• **To do**: Repeat the listing word for word, but skip any pictures.

+++ Dataset excerpt

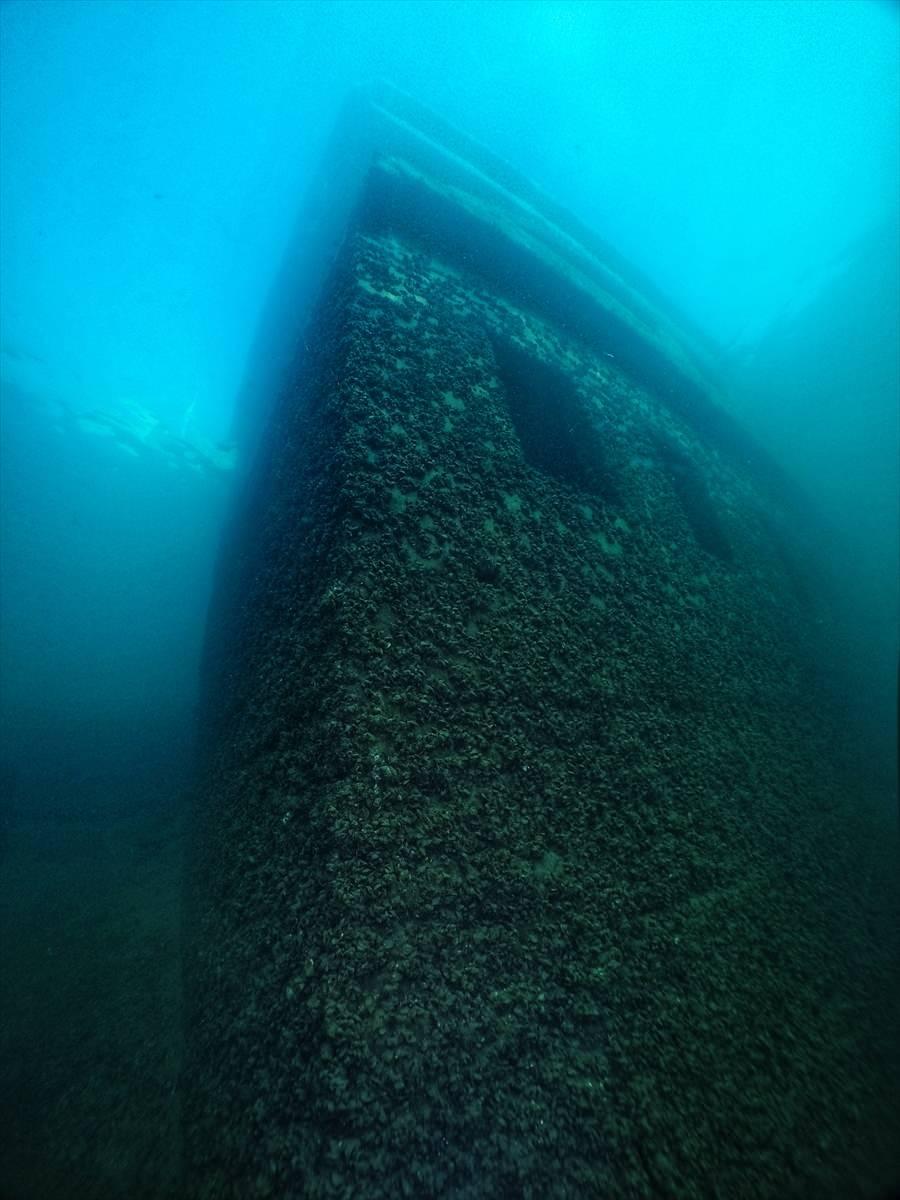 <div>Bir hafta boyunca açık olan sergide tüm sanatseverler İtalya'da buluşacak. Sanat yoluyla, fotoğraflar aracılığıyla Mezopotamya markamızı İtalya üzerinden tüm Avrupa'ya tanıtmayı amaçlıyoruz."</div>

<div> </div>

<div> </div>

++++++

• **Solution for this task**:
 <div>Bir hafta boyunca açık olan sergide tüm sanatseverler İtalya'da buluşacak. Sanat yoluyla, fotoğraflar aracılığıyla Mezopotamya markamızı İtalya üzerinden tüm Avrupa'ya tanıtmayı amaçlıyoruz."</div>

<div> </div>

<div> </div>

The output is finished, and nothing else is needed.